▸ What the exercise asks
Pull out every line from the listing that has the word "image".
* * *
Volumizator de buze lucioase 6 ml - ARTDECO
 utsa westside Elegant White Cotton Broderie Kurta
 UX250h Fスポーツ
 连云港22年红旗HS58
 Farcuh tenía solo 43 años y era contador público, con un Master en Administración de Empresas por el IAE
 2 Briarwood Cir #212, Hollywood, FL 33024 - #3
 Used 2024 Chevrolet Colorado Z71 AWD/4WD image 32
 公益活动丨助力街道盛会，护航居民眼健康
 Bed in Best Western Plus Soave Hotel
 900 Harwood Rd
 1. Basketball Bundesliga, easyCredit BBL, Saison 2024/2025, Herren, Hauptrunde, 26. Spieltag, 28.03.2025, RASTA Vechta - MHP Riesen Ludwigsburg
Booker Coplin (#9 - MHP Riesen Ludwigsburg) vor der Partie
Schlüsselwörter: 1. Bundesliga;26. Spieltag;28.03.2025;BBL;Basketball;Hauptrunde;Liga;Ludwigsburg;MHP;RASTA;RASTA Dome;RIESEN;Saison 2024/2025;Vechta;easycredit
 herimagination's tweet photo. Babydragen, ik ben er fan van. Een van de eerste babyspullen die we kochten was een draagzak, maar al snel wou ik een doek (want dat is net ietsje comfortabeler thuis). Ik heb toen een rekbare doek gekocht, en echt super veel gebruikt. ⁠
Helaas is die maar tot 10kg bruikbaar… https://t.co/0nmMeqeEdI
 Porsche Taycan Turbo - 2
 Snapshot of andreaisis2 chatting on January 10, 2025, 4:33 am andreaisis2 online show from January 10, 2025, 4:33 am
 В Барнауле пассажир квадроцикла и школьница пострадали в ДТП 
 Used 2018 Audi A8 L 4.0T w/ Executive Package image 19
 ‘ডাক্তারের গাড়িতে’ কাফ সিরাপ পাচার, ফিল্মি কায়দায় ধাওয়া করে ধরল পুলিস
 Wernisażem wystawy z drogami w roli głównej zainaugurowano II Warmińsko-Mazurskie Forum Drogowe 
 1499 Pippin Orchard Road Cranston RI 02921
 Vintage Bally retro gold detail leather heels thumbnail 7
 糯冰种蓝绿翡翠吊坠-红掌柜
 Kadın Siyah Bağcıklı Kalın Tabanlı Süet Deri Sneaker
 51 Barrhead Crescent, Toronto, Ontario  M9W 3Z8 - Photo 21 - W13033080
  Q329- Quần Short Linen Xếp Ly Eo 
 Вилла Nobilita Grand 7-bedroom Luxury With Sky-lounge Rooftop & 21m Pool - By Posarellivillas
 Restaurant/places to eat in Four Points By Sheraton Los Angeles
* * *
▸ Expected answer
 Used 2024 Chevrolet Colorado Z71 AWD/4WD image 32
 Used 2018 Audi A8 L 4.0T w/ Executive Package image 19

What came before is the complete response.